キビレはこの地域でも最近注目されているターゲット。ルアーでも気軽に狙いやすいというのが大きいだろう。筆者も去年くらいからキビレを釣る機会が増えた。やはり平たい魚はファイトが楽しいのだ。このキビレ、秋から釣れる落ちの時期のものは手のひらサイズから30センチ位までのもの、これは刺し身でも焼いても揚げてもうまい。ややワイルドな風味はあるが、いい意味でタイ科の味。チヌよりも美味いと評する意見も多いが、筆者もそう思う。エサがイガイよりも甲殻類や多毛類に寄っているのが理由として大きいのではないだろうか。薄切りにして湯通ししたものをよく冷やし、酢味噌、ポン酢で食べるのがおすすめだ。

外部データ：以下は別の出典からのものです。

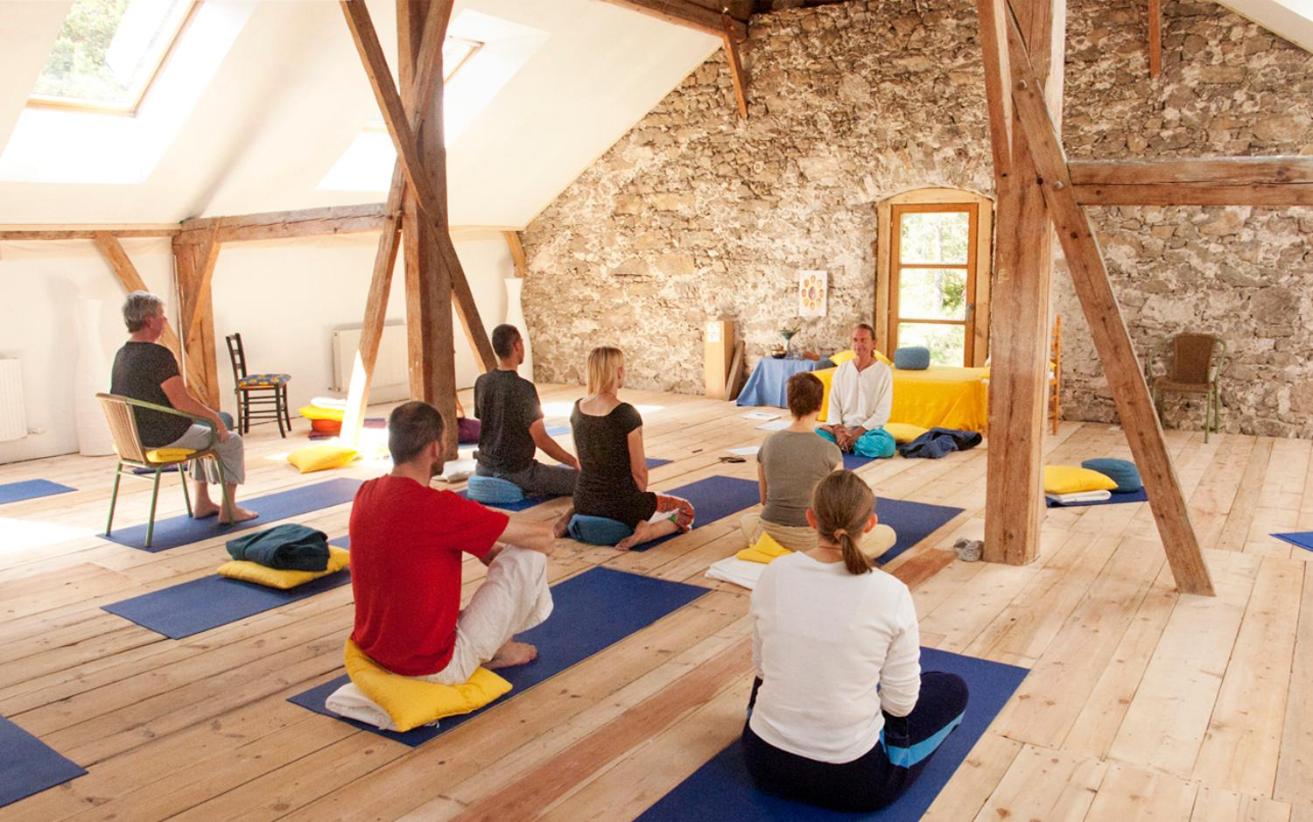 Triple Room with Shared Bathroom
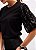SOMMER CAMISETA MALHA - PRETO - Imagem 4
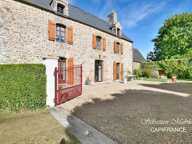 Maison de caractère à vendre + gîte à Roz sur Couesnon (35) en Bretagne en Baie du Mont Saint Michel — photo 3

ちなみに春先に釣れるものは今ひとつ駄目な個体が混じっており、特に40センチを超えるサイズのものは釣り味最高ではあるものの味は残念極まりない。さばいてみるとものすごく脂が乗っているが、臭い。薄切りにして湯通ししてみたが、食べるそばからしつこいエグみがありすぐに胸焼けした。たまたまハズレを引いたのかもしれないがおすすめできない。

チヌ(クロダイ):夏のチヌはぶよぶよ

この記事のトップ画像は2月に知人のボートから知多の発電所からの流れ出しポイントで釣らせてもらったクロダイである。これは実に美味だった。顔つきをみてもらうと分かる通り、夏場に落とし込みで釣れるイガイ食いのチヌとくらべてマイルドな表情である。死んでるけど。これは食性の違いによるものではないかと思うのだがいかがだろうか。イガイを食っているチヌはもっと顎がいかつい。で、そのイガイを偏食するような真っ黒いチヌ、これは身がしまっておらず、足がやたらと早い。身にうまみもない。刺し身でトライしても味がなく臭みが先にくる。結局薄く小麦粉をまぶして唐揚げ風にし、とろみを付けたピリ辛あんをかけて中華風あんかけにしたところ無難に食えた次第。敦賀で釣れるチヌは夏でも美味いと思うのだが、あれは塩分濃度が濃く、マキエのオキアミやその環境の餌を食っているからであろうと思う。やはり食性が湾奥の泥を吸い込みまくるイガイに偏るとよろしくないように思う。ただ、個人的にデータがまだ足りていないので、チヌをもっと釣らせてほしいなと思います。